───── RAW DATA
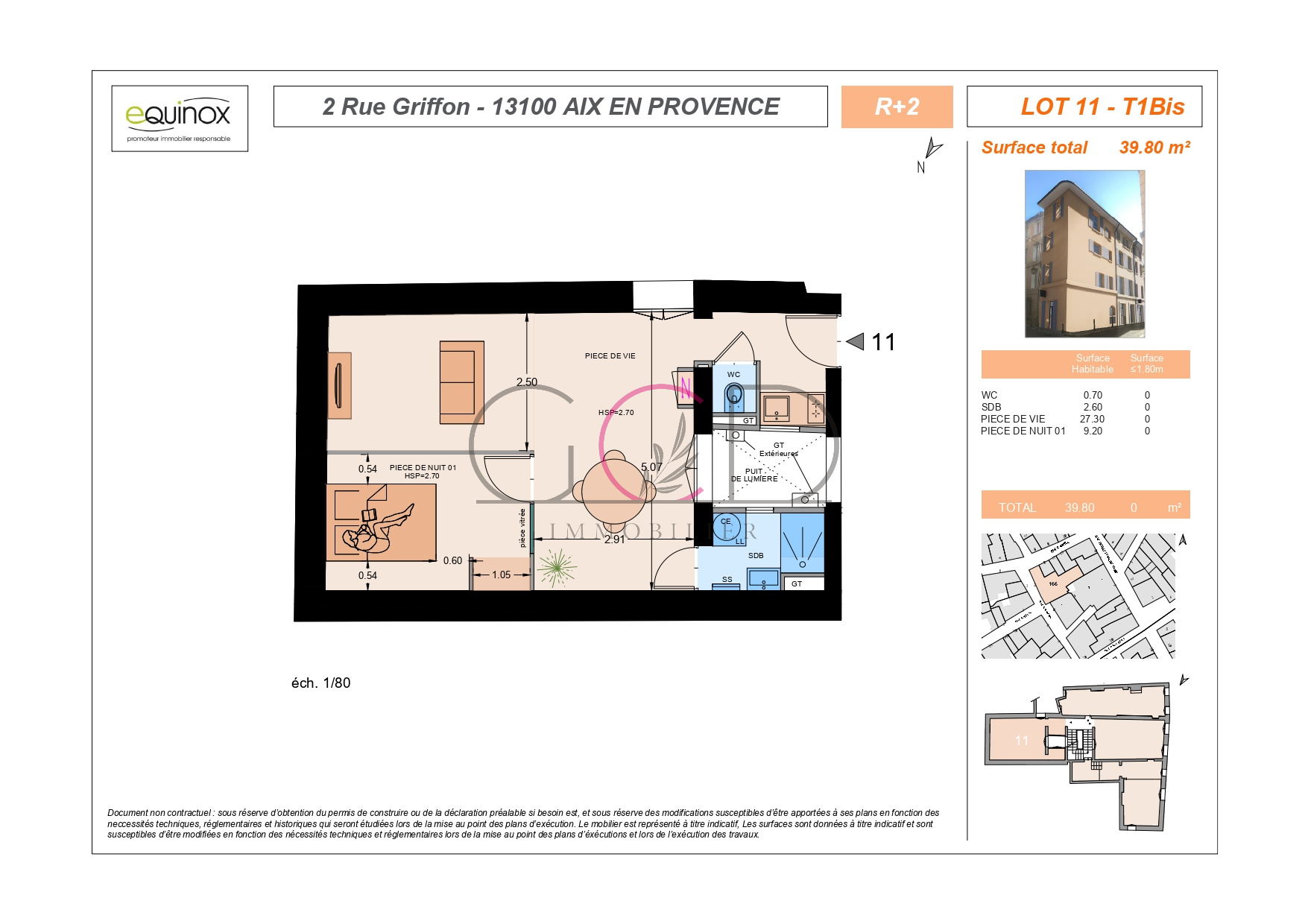 Vente Appartement 40m² 1 Pièce à Aix en Provence (13100) - Gcd Immobilier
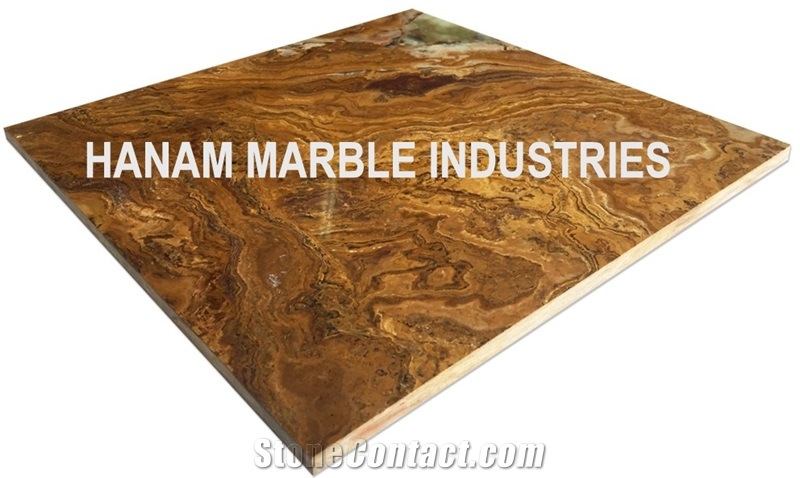 Multi Brown Onyx, Pakistan Multi Brown Onyx Tile and Slabs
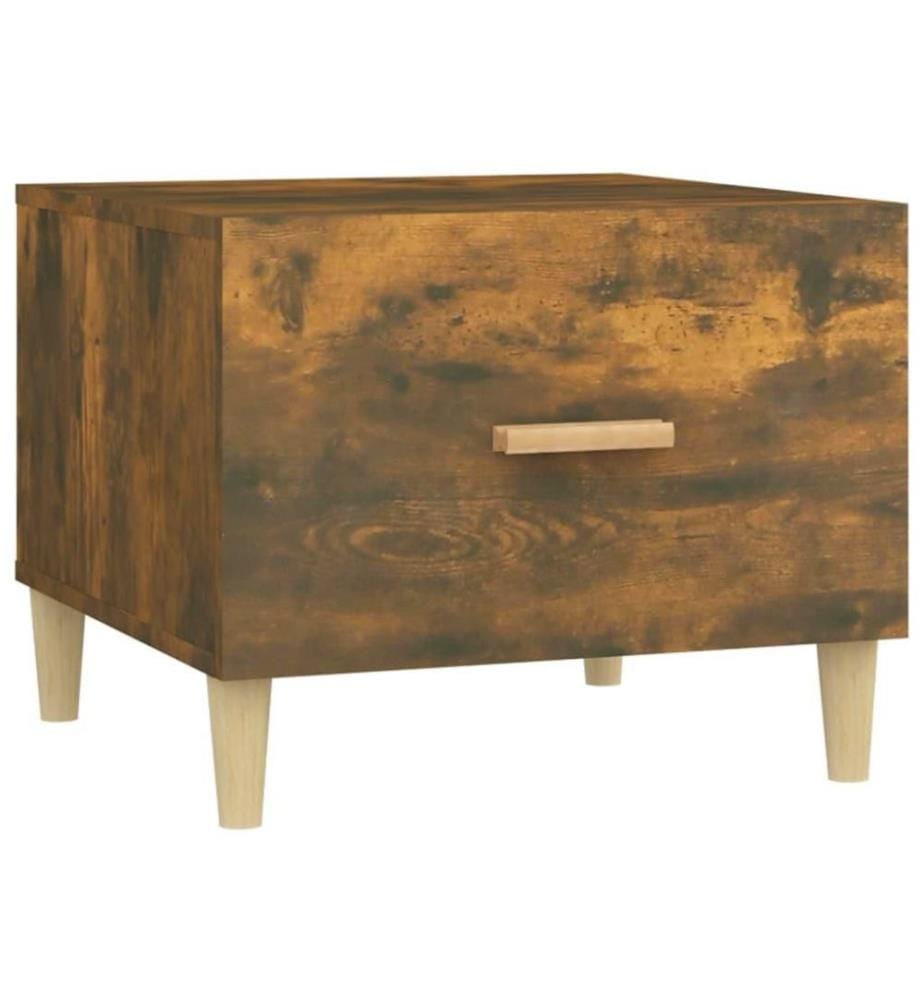 Couchtisch Räuchereiche 50x50x40 cm Holzwerkstoff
──────────
Word for word, quote the full listing, omitting every picture.

 Vente Appartement 40m² 1 Pièce à Aix en Provence (13100) - Gcd Immobilier
 Multi Brown Onyx, Pakistan Multi Brown Onyx Tile and Slabs
 Couchtisch Räuchereiche 50x50x40 cm Holzwerkstoff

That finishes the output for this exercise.